Lawyers give closing statements in murder trial of accused MS-13 gang member

The murder victim, Esteban Alvarado-Bonilla, 29, of Brentwood, was believed to be a member of the bitter rival 18th Street gang because he was wearing the No. 18 football jersey of Peyton Manning, favored by that gang's members.

An MS-13 gang associate was given four chances to back down from participating in a plot to kill a rival gang member, but declined, a federal prosecutor said Tuesday in summing up at the government’s case against Jose Sanchez.

At one point, Sanchez, 24, of Central Islip, disparaged his mentor in the gang for even suggesting he should not be involved in the murder, said Eastern District federal prosecutor Michael Keilty.

Using a ribald slang term, Sanchez, 24, of Central Islip, told his mentor to be bolder, and added: “you are old enough, already,” Keilty said in federal court in Central Islip.

But Sanchez’s defense attorney, Raymond Colon, of Manhattan, said the account of Sanchez’s supposed anxiousness to participate in a murder, was fabricated by one turncoat member of MS-13, who testified against him in an attempt to get leniency for his part in the murder, as well as other MS-13 related crimes.
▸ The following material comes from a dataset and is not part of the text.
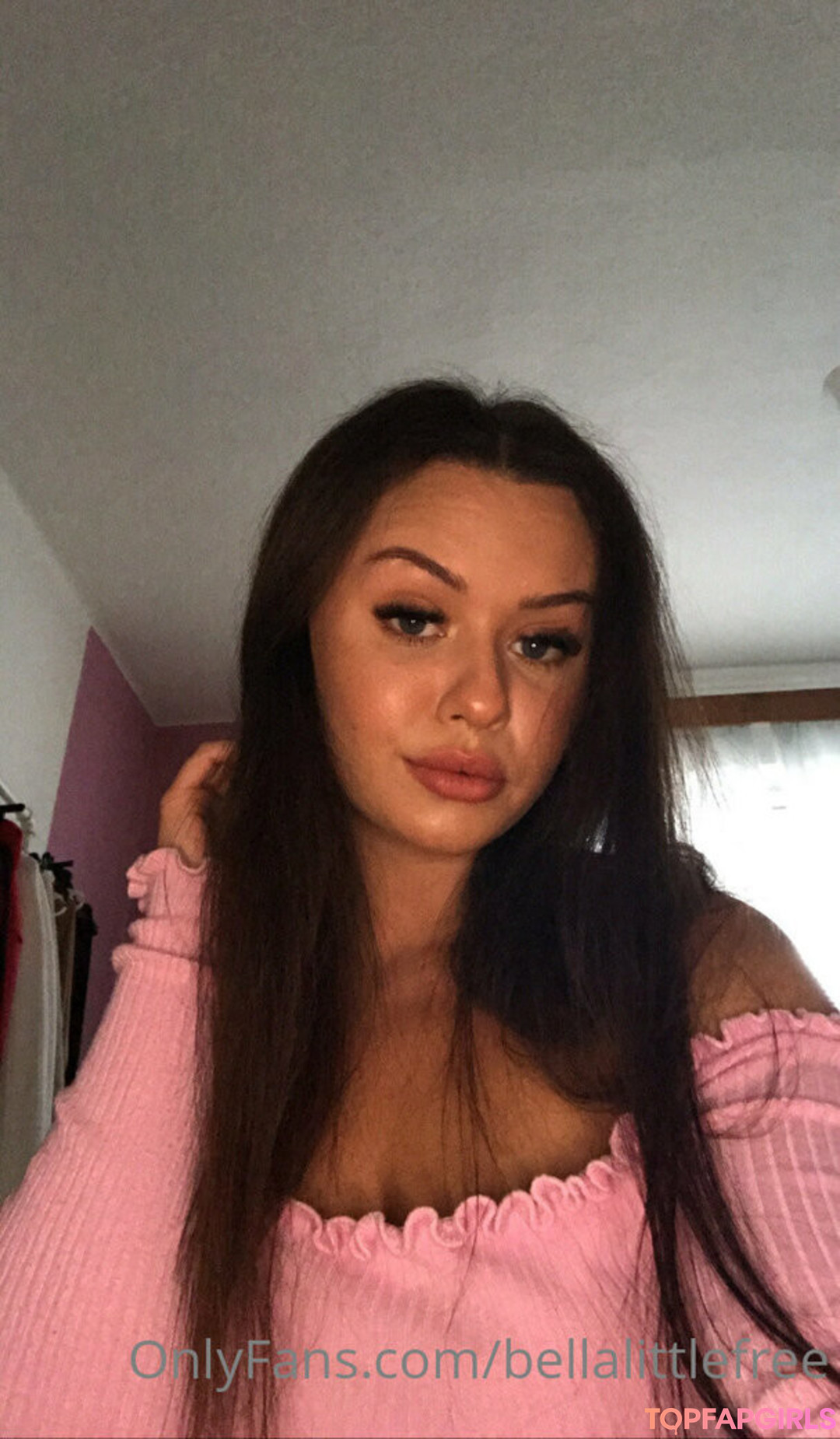 Foto desnuda filtrada de OnlyFans de Bellalittlefree22 #67 Foto desnuda filtrada de OnlyFans de Bellalittlefree22 #67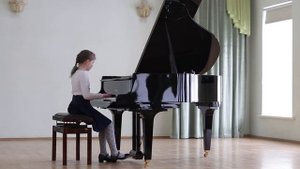 С.Вольфензон «Баллада»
Sanchez is on trial on charges of participating in the January 2017 alleged murder by MS-13 members of Esteban Alvarado-Bonilla, in the El Campesino deli in Central Islip, as well as joining in gang members’ brutal beating in December 2016 of two men who supposedly disrespected MS-13 at the Super Taco restaurant in Brentwood.

The murder victim, Alvarado-Bonilla, 29, of Brentwood, was believed to be a member of the bitter rival 18th Street gang, because he was wearing the No. 18 football jersey of Peyton Manning, favored by that gang’s members.

Colon said his client was being falsely implicated by not only the witness who said he tried to convince Sanchez to back out but by other gang members testifying in exchange for possibly reduced sentences for their own crimes

“You’re dealing with a sociopath,” said Colon referring to the cooperating gang members and associates. “They’ll say anything to get out.”

“Jose was foolish to be with them — a poor choice of friends, I get that,“ Colon said, adding that even his supposed location at the murder scene was not proof of guilt.

“Mere presence is not enough,” Colon said, noting that it did not show Sanchez’s state of mind, nor his supposed criminal actions.

Keilty, along with prosecutor Raymond Tierney — who did the government’s closing rebuttal — stressed that the government’s case did not depend only on the detailed testimony of three members or associates of MS-13. There are also “mountains of evidence” including surveillance videos, showing Sanchez involved in the beatings of the two men by the Brentwood restaurant, and gang records of membership activity seized by the FBI, Keilty said.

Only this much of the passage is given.